◆ **Exercise brief**
Would you please copy every line below that includes the string "Flowers"?

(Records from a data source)
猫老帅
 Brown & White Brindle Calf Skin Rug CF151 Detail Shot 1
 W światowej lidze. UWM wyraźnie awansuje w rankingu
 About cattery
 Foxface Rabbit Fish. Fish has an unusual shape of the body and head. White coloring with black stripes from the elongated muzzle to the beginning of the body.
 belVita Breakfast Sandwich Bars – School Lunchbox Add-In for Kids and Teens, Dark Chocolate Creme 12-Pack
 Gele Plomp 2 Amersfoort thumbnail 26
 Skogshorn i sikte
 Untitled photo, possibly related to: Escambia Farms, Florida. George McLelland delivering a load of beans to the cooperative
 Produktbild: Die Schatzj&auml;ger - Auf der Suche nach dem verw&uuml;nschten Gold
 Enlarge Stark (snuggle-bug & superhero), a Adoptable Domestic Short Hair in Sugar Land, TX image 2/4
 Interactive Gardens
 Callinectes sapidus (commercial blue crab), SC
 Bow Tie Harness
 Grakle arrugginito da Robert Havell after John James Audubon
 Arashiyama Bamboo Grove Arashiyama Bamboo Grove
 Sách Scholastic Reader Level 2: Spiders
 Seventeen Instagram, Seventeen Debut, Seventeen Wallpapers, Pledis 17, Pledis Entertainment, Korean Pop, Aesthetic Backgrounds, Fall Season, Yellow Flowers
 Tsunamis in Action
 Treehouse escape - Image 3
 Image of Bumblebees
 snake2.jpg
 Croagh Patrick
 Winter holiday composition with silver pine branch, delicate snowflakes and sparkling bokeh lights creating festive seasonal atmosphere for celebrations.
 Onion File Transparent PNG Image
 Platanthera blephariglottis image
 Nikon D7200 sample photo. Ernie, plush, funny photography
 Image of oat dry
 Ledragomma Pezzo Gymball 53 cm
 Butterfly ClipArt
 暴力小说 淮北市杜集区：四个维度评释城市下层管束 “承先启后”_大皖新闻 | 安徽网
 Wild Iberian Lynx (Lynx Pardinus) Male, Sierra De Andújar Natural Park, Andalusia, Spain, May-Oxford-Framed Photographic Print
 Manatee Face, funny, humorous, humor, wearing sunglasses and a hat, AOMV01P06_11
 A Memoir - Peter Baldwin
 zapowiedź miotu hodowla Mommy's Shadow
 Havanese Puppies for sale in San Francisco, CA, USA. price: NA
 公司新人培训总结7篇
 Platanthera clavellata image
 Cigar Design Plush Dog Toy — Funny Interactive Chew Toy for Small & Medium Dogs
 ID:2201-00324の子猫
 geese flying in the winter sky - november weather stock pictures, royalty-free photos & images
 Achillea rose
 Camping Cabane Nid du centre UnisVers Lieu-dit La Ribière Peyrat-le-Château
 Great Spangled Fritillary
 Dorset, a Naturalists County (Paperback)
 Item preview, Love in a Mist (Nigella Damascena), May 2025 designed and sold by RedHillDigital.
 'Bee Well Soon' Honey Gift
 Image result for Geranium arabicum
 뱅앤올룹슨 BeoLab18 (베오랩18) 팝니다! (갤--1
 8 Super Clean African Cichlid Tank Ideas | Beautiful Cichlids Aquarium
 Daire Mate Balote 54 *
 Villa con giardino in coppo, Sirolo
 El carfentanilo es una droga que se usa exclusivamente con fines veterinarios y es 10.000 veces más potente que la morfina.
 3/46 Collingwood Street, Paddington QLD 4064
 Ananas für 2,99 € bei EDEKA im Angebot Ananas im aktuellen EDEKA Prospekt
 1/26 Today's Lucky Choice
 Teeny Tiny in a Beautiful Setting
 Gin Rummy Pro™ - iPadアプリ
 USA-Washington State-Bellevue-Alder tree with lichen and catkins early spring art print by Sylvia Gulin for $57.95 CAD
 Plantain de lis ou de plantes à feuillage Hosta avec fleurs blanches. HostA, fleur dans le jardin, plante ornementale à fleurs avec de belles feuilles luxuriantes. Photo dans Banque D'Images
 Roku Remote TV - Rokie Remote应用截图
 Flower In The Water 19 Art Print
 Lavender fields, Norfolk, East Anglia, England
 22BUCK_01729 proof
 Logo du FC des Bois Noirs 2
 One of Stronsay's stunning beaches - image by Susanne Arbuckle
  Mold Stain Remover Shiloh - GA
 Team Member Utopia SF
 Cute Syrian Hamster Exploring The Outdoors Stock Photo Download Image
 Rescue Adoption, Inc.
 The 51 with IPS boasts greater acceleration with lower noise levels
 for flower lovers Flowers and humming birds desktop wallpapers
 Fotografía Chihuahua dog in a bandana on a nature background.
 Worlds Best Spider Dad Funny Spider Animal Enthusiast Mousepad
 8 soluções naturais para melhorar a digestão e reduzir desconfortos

◆ **Response for this exercise**
 Seventeen Instagram, Seventeen Debut, Seventeen Wallpapers, Pledis 17, Pledis Entertainment, Korean Pop, Aesthetic Backgrounds, Fall Season, Yellow Flowers
 for flower lovers Flowers and humming birds desktop wallpapers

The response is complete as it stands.